There is a very clear structure in the sky of the Moon image. Given that it is not induced by bias-subtraction it must be due to the presence of the Moon itself. We speculate that:
a) it is some optical effect – reflection – from the inside of the camera or telescope. Halo-subtraction has reduced the sky level to almost zero but a little too much has been subtracted in the ‘dark band’ and a little too little has been removed outside the band. The fitting of a rather smooth ‘halo’ from the observed image could give this effect, if the structure itself is present in the image.
b) some electronic effect is causing the rows with the very bright BS in to somehow ‘jump low’ due to some effect we do not understand.

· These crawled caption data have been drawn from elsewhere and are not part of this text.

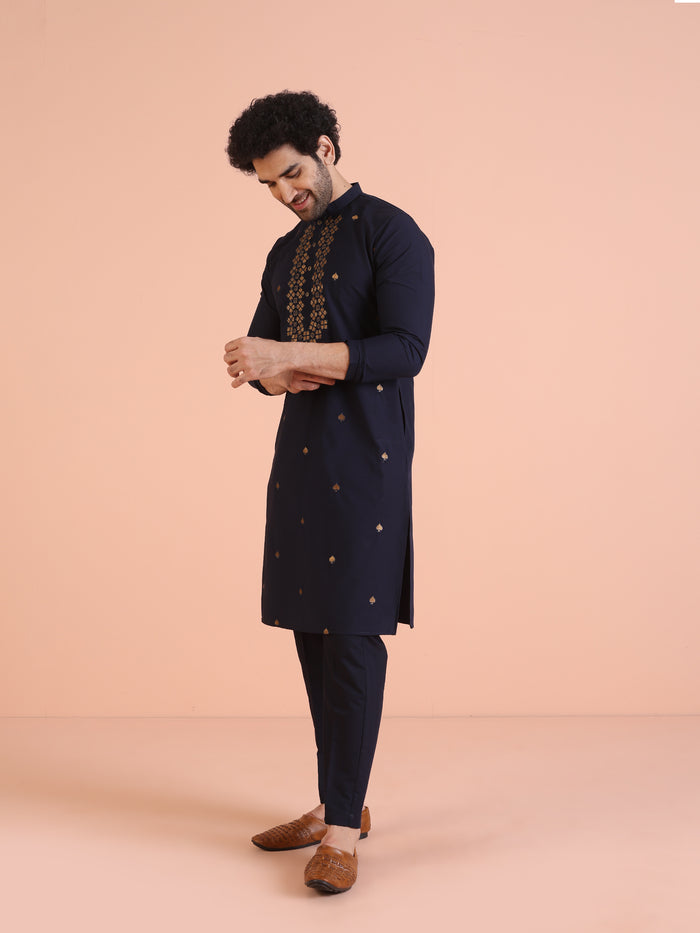 The model is looking down while wearing Kisah Men’s Navy Blue Embroidered Kurta Set, adjusting the kurta softly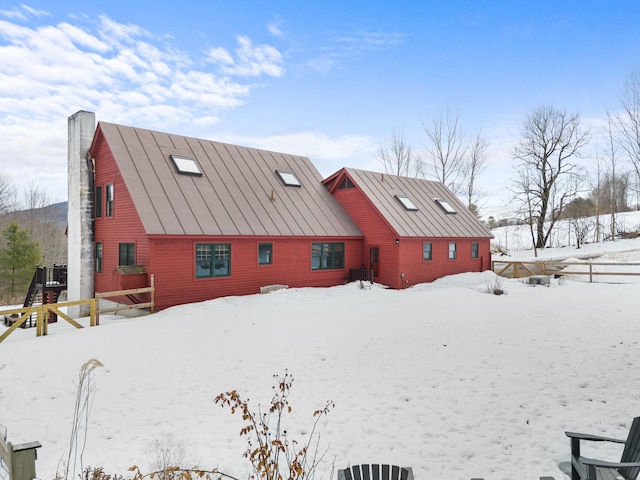 snow covered property featuring metal roof, a chimney, and a standing seam roof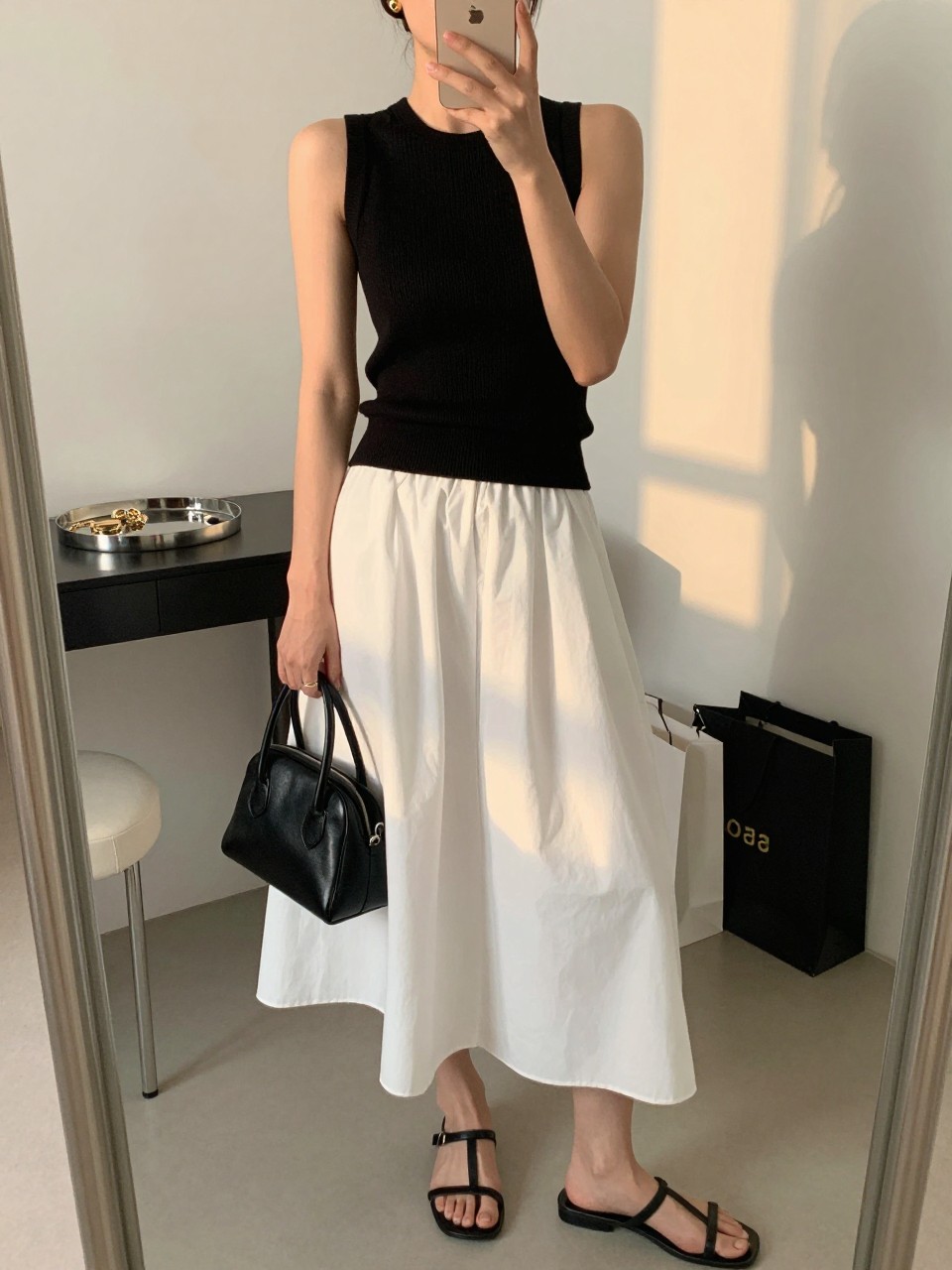 mirror selfie of a woman wearing the exact outfit described above, clearly showing a black sleeveless ribbed knit top, a white full cotton midi skirt, black leather strappy sandals, a black structured leather mini bag, and small gold stud earrings, holding a phone in front of a mirror, cropped at NECK so the face does not show, with a relaxed casual selfie pose, in a fashion studio mirror corner, evening golden hour, including jewelry tray on the vanity and shopping bags beside a chair, latest iPhone photo quality. (no watermarks on images)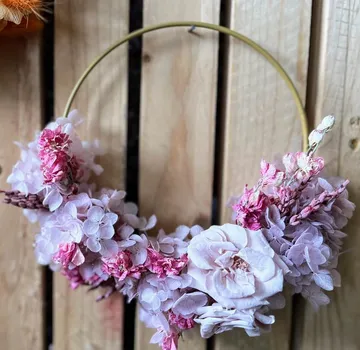 Blumenkranz mit rosa Blumen an Holzwand.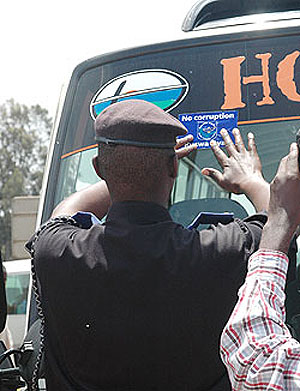 A police officer sticks an Anti-corruption sticker on a passenger van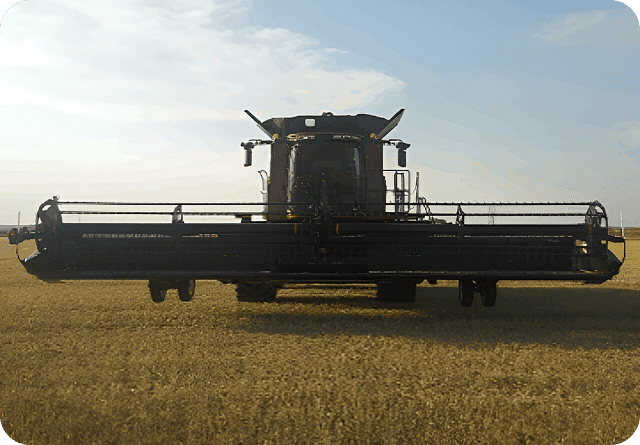 A large combine harvester working in a field during sunset.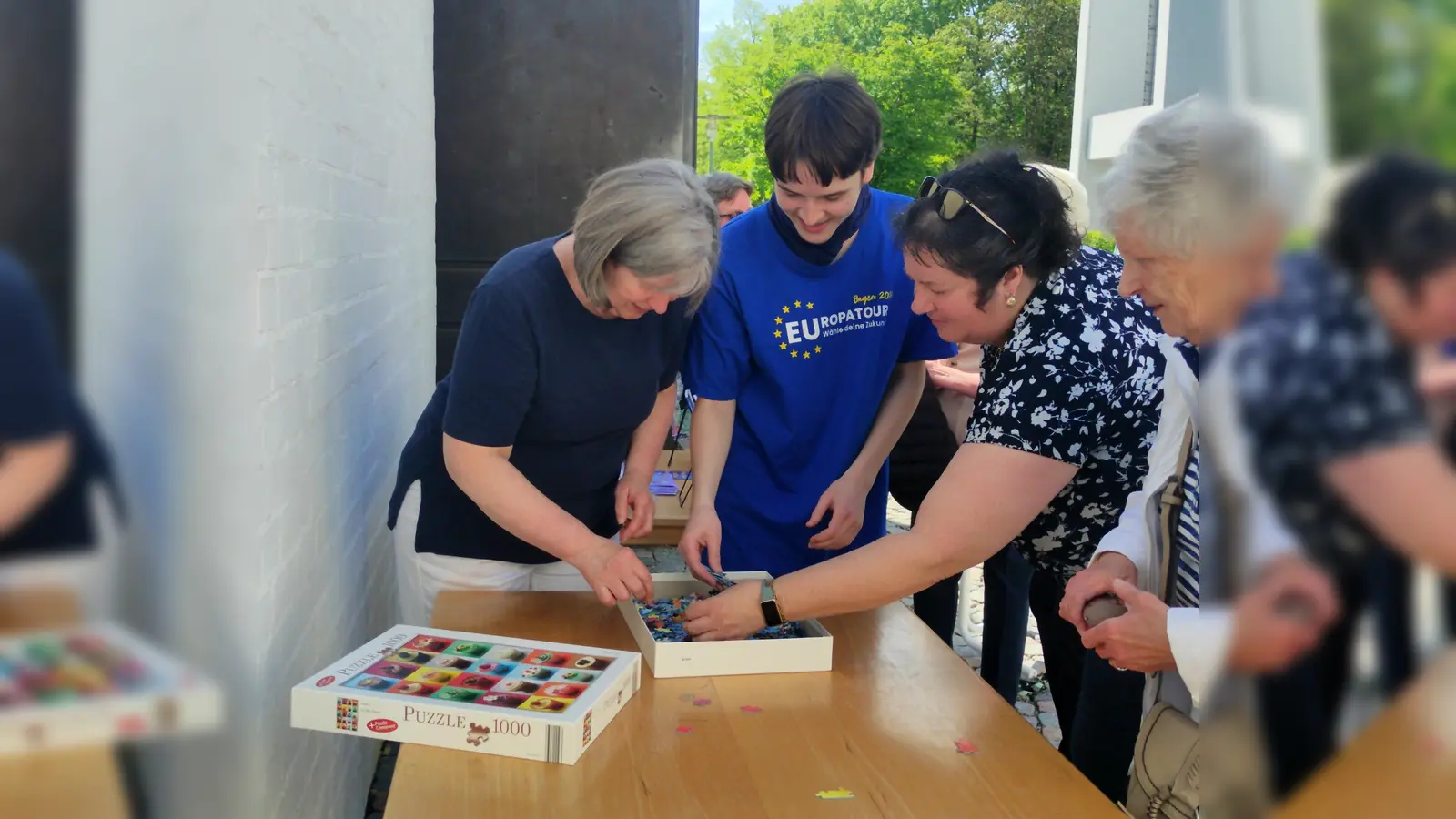 Pfarrgemeinderatsvorsitzende Dr. Andrea Hermann (1. v. l.) und Bücherei-Ehrenamtlicher Jakob Sunderer (2. v l.) legen die ersten Puzzleteile und eröffnen damit die neue Puzzle-Aktion in der Bücherei St. Martin in Germering. (Foto: St. Martin)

NB: The readout direction is ‘down’ – not to the left!
Note the presence of what looks like a truncated halo to the left in the image, at the frame edge: this could be an internal reflection showing the right hand side of the halo being reflected inside the camera. We saw this same effect in the animated sequence of the tau Tauri occultation – as the Moon migrated to the RHS of the image frame an ‘echo’ appeared on the left.
This therefore seems to support idea a) above. If this is the case we may have an effect on solution-quality from position of Moon in the image. We should investigate if there is a position nearer the centre that eliminates the effect, and then omit images that are too close to the edge.
My first thought was a reflection — just as you speculated (or “re-speculated”) – I have seen similar effects in images I have reduced as well. If we are getting internal reflections within the telescope and causing this, then the centering of the telescope is going to be rather important I suspect — we might want to analyse some images and figure out how badly we do the further off center the moon is. A good project to include for a student as part of the next round of grant applications (I am starting to put together a list of student type projects for that).